Most companies I know talk about how they like to promote from within. They should, it is a great policy. You get the benefit of having someone who knows the culture and the company, you demonstrate to people that they can advance (which builds engagement), and - done well - you can make fewer hiring mistakes.
With all these benefits, I still see way too many companies that hire externally - for both lateral moves and promotions. Why?
Before I explain my theory, I should be clear that this is purely an opinion based on experience and anecdote. I have no empirical data that supports my belief. If you have any that either proves me right or wrong, let me know.
I believe managers hire from the outside because the "grass is always greener on the other side of the fence". For internal employees, they know (or can find out) the individual's weak spots and struggles. They may be ready, but because the manager knows these faults, they are hesitant.
The outside candidate has a resume that has been polished to make them look perfect. They get to practice interview questions that focus only on their successes. They hype themselves up and tell you all the good.
Of course, the external candidate has faults too. But the manager doesn't know what they are.

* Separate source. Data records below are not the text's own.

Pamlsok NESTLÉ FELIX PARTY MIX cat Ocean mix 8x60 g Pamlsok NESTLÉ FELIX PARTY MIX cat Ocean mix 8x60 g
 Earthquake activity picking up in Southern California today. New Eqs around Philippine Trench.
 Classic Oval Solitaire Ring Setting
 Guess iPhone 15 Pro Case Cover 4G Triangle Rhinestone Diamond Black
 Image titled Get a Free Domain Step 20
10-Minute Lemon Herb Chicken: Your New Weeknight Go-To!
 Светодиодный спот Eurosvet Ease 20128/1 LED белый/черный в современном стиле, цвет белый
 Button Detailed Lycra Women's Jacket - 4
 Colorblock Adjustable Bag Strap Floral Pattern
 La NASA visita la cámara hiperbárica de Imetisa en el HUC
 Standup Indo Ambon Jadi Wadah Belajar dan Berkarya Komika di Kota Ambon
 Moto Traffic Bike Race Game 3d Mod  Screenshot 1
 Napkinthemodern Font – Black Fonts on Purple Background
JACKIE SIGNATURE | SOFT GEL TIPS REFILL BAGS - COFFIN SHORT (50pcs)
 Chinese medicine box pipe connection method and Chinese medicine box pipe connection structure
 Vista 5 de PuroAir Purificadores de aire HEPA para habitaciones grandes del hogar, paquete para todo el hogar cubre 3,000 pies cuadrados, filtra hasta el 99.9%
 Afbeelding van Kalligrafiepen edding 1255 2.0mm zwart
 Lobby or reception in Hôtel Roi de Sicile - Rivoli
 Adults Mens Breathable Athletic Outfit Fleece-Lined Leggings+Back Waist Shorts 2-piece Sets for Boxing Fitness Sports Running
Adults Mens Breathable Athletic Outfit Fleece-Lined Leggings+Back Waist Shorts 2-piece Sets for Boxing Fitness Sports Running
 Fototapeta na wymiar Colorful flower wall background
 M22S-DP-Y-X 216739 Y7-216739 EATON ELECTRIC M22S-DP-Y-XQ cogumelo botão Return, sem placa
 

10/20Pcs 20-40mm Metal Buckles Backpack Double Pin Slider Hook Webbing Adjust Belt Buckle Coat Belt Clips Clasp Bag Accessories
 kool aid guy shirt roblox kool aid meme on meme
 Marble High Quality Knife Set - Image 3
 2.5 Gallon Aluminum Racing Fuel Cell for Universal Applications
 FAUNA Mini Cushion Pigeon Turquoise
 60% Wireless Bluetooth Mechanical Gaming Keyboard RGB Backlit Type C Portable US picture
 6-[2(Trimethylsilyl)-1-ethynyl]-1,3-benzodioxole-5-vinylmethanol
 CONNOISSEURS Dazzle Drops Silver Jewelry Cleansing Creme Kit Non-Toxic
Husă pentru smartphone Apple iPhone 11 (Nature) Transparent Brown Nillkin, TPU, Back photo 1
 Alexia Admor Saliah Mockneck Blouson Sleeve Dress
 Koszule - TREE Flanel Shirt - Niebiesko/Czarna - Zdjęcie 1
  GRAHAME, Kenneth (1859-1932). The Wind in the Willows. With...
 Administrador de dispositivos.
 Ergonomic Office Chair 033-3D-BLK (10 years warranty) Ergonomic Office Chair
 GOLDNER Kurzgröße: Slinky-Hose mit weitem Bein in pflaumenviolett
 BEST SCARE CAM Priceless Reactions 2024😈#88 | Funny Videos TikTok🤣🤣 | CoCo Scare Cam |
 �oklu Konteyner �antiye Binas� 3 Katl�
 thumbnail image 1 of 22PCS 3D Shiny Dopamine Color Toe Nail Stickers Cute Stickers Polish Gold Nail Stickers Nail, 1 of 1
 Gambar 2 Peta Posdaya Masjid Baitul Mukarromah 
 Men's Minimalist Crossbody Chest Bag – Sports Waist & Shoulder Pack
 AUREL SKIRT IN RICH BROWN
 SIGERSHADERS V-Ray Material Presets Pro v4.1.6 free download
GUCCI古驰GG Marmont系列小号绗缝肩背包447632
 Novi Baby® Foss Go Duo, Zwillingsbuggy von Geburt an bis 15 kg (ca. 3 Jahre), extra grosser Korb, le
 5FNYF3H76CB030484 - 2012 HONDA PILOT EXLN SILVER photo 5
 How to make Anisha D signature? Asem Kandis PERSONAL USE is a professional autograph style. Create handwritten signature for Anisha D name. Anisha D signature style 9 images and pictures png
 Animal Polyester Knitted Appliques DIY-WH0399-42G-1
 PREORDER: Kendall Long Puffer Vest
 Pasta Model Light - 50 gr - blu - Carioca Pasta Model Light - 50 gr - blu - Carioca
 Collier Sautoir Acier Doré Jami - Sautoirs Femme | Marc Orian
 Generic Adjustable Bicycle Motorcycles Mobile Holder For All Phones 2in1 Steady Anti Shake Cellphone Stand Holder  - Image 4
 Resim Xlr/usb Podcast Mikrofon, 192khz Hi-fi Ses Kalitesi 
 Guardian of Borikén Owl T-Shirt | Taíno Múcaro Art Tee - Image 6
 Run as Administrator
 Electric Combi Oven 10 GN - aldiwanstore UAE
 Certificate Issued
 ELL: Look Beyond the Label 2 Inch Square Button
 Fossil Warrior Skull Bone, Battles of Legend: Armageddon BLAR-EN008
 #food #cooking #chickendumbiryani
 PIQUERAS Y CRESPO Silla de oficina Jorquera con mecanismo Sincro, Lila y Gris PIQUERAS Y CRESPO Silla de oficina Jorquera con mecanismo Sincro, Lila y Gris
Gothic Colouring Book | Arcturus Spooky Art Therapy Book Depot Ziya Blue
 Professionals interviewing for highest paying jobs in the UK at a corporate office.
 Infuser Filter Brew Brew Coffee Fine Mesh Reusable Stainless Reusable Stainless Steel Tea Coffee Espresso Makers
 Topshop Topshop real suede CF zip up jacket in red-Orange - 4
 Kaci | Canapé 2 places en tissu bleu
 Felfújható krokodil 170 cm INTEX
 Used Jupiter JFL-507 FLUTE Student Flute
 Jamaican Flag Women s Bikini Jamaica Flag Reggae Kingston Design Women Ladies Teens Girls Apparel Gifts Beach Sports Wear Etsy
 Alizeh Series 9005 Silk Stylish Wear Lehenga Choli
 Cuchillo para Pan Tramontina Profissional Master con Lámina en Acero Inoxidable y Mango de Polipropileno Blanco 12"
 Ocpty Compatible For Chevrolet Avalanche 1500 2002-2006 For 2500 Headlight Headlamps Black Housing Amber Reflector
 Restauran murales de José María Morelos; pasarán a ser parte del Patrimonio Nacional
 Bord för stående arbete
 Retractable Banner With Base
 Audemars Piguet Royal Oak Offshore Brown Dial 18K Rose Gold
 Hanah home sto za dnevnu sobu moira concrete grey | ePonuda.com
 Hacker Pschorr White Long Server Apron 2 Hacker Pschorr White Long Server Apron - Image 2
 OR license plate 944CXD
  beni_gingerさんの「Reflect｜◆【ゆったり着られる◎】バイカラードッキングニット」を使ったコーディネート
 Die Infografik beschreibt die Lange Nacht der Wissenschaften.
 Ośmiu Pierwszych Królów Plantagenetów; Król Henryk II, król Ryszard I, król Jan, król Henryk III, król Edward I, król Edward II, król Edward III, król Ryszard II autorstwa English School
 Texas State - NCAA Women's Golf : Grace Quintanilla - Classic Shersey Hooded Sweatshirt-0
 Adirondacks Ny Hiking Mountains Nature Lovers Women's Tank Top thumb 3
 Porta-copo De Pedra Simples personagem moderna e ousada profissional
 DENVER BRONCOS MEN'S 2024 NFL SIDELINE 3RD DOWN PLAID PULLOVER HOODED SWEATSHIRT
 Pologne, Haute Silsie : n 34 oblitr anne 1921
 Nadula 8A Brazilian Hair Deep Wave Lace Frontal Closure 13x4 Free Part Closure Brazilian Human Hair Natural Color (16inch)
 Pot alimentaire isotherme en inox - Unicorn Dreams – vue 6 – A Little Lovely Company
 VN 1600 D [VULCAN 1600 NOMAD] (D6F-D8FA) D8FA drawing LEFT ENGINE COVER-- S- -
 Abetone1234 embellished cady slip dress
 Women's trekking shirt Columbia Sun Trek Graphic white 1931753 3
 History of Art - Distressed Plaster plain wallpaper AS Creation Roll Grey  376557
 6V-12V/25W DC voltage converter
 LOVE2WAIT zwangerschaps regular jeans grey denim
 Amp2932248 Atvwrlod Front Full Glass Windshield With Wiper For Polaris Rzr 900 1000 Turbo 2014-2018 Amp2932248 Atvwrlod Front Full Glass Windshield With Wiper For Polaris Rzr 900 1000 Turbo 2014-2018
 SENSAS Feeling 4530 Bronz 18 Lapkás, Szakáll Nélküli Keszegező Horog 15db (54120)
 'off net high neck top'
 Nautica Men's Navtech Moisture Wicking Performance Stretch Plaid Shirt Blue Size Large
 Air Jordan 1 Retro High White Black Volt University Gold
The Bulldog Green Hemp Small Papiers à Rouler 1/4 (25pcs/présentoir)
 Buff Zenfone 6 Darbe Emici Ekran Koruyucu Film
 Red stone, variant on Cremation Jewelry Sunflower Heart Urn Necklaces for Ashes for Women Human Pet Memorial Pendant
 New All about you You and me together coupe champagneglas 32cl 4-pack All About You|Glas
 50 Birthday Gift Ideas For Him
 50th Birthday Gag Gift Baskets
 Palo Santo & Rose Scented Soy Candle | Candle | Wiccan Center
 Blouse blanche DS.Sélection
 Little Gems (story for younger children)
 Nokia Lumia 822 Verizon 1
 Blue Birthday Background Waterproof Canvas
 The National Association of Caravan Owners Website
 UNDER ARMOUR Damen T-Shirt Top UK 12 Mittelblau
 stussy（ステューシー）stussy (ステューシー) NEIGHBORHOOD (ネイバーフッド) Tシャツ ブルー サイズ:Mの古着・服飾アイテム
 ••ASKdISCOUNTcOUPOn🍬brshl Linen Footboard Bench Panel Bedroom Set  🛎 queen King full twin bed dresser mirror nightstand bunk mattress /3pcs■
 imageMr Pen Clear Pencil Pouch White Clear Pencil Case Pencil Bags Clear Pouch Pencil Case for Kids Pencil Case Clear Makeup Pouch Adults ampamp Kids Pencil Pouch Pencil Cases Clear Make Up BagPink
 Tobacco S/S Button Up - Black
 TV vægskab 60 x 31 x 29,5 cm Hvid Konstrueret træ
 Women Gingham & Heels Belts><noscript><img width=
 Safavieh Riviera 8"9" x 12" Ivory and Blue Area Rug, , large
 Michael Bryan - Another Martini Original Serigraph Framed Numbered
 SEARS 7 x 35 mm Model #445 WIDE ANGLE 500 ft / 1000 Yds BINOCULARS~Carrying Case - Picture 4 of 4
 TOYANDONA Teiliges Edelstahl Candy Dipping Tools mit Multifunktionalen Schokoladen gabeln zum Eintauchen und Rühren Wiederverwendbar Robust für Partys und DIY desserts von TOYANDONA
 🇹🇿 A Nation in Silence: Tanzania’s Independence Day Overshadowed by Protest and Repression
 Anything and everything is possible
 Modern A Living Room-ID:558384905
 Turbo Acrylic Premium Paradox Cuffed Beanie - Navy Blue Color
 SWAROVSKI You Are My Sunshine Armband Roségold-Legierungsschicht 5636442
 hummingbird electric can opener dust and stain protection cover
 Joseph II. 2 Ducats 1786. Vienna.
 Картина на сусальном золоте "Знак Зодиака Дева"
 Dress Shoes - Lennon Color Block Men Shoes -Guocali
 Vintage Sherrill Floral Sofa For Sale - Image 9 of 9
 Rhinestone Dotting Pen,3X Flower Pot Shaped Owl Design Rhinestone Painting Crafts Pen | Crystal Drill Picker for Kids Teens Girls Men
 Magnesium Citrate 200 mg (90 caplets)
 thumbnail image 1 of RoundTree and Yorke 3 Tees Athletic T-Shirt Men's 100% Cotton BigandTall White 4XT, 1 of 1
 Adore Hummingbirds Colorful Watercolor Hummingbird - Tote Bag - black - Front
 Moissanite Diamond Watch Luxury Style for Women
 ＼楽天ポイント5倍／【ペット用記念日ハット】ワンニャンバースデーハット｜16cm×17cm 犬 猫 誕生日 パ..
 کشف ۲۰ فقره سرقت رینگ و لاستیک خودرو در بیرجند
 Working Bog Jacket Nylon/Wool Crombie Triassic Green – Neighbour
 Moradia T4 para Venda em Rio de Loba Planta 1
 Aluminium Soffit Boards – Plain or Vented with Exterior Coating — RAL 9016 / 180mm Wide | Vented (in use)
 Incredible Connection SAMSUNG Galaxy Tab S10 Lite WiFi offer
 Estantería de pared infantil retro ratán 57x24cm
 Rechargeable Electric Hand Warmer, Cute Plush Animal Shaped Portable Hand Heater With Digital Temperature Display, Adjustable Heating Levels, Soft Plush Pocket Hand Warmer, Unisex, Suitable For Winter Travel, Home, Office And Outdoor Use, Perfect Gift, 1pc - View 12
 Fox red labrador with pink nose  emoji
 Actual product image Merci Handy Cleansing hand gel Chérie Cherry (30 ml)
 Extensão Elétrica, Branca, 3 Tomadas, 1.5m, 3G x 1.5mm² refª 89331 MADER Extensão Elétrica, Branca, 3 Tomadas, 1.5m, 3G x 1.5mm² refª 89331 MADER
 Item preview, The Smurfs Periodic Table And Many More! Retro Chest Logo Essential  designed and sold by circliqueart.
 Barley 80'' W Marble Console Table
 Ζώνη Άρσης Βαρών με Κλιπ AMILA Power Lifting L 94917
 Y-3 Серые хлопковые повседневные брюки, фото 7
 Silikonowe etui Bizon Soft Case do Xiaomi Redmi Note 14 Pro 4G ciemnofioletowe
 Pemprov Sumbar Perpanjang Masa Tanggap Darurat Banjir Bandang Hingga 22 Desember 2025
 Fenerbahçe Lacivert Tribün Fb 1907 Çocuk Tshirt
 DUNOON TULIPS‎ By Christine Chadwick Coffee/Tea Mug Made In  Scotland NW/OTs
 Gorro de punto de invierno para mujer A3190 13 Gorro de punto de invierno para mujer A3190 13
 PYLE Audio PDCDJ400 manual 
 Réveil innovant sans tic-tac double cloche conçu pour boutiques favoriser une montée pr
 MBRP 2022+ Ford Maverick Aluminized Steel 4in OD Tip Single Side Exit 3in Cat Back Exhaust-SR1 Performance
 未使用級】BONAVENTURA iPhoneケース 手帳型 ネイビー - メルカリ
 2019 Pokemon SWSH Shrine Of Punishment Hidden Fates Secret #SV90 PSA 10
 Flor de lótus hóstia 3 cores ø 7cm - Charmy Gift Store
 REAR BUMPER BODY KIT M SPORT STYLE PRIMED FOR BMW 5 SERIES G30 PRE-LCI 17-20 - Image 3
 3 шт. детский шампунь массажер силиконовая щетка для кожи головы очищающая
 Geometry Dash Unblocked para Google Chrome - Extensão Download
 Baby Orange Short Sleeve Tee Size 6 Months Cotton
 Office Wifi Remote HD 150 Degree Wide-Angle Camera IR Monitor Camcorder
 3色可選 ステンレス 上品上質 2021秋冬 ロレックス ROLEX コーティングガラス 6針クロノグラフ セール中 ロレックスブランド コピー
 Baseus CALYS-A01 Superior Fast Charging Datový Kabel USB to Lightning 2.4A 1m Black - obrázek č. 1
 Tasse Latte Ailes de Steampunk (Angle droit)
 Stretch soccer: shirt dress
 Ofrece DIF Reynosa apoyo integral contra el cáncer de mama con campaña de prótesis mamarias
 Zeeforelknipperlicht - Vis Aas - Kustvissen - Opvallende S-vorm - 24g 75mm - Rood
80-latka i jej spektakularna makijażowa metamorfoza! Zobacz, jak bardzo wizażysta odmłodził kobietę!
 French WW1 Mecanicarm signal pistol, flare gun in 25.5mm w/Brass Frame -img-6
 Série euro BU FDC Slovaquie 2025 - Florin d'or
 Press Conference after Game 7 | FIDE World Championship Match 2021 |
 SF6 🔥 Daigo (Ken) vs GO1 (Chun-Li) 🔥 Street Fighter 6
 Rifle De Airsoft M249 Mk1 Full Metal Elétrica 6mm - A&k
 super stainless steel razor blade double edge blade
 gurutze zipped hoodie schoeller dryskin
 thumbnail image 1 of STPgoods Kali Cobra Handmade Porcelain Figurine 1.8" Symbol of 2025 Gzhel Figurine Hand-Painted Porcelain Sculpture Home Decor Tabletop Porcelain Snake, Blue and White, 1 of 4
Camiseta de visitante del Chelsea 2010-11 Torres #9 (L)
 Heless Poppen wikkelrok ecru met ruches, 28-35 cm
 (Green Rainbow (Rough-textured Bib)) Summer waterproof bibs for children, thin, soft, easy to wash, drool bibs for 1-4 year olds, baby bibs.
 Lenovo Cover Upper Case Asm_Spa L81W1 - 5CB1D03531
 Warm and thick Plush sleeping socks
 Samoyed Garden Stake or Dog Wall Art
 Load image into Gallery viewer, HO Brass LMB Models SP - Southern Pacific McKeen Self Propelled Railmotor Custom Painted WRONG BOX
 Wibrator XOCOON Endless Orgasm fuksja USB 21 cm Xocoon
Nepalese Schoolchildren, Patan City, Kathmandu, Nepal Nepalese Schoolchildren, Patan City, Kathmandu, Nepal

They aren't on display for them to see and remember. It's like looking at pictures of two cars. The first one is shiny and new, placed in the right lighting with a beautiful background. The second is a slightly used car, but you can see the dirt, the lighting is horrible and the picture was taken in a dirty parking lot.
Those pictures don't tell you anything about performance, but it sure impacts how you THINK the cars will perform.
Managers have to be aware of this unusual bias and actively work against it when making decisions. In my mind, unless the external candidate is significantly better than the internal, you are always better off with the internal candidate - known warts and all.